Mercury Drug, Colon Street, Dumaguete City
However, should you need to go to a “comfort station” in a public place, that’s a whole other matter. Some restaurants that cater to a lot of foreigners have “bathroom tissue,” but you’re advised to bring your own just in case. Most often, you’ll need to do what the locals do and use the tabo, a small dipper with a handle and a water pail to wash yourself.
Ask a Filipino why they don’t use toilet paper, and you’ll probably hear a commonly repeated assumption: the Philippines doesn’t have the tree or paper industry for it, which isn’t completely true. The Philippines has a significant forestry industry. Most of their tree harvest and wood production, however, goes into making furniture and other wood-based manufactured items, not into pulp for tissue paper. According to the Philippine Forest Management Bureau, in 2012, for example, the country exported products worth about $52 billion. But they also still imported paper tissue products, including toilet paper, worth $24 million. So both the scarcity of toilet paper manufacturing and the high price (for most Filipinos) of an imported good definitely explain part of the low TP use.
But the question itself is culturally biased toward toilet paper usage. Maybe the question to ask is: why use toilet paper when washing with soap and water has been the accepted practice for centuries? Is it any more sanitary than wiping? Here's where most locals will reveal that in fact, the tabo is perfectly sanitary. In other words, why wipe when you can wash?
Ultimately, using toilet paper is, pardon the pun, a bit wasteful. It’s no surprise that on average Americans have the highest tissue and toilet paper usage per capita in the world.
Between our “irresponsible amount of napkins” used on the front end of the digestive process (thank you, Jon Stewart, I’m gonna miss you so much), the crazy amount of paper towels we use, and our wasteful waste practices, well, maybe the piped in soundtrack of many public restrooms and restaurants should be the sound of chainsaws cutting down trees.
Am I getting too pedantic? Don't get me wrong, I'm still using paper products, even in the land of the tabo, but I do pride myself on getting through a meal now by only using one measly thin napkin.
In a tropical place like the Philippines, except for printing books and important documents and doing homework, paper is pretty over-rated. With the high humidity and the likelihood of little insects crawling into paper products, at least with food packaging, one soon realizes the benefits of plastic.
Don’t think the low paper use here is some “save the planet” ecological instinct in the Filipino psyche. While Filipinos skimp on paper, they are absolutely bananas for plastic bags. Often to get one’s purchase out of a store in the Philippines, the stuff goes in a bag in a bag, and then inside another bag.

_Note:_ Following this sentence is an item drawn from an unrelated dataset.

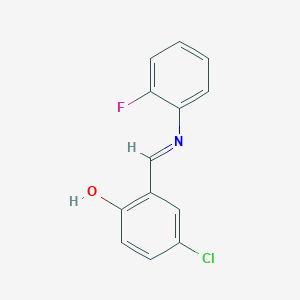 molecular formula C13H9ClFNO B2685129 4-氯-2-{(E)-[(2-氟苯基)亚胺]甲基}苯酚 CAS No. 674284-72-1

Never mind paper saving, the plastic bag is ubiquitous.
The one time I seriously felt I was breaking a cultural taboo was when I told the woman at the bakery register that I didn't need a plastic bag for the ube roll I was buying. I tried to explain that I was just going to sit at a table two two steps away and eat it. "No, thank you, I don't need a bag," I politely said.
She already had the plastic bag open and read and it positively threw her. No, I insisted, just leave the roll on the tray, I'll be okay. She still looked confused, a little offended. "No bag?" she asked.
I tried to smile politely, but didn't know what to do. "Do you have a paper napkin?" I asked.
One wonders what the Filipinos did to store their food before the plastic bag. Oh yeah, they had ceramic bowls and jars from China. The Chinese ceramics trade. Here we are, back at China.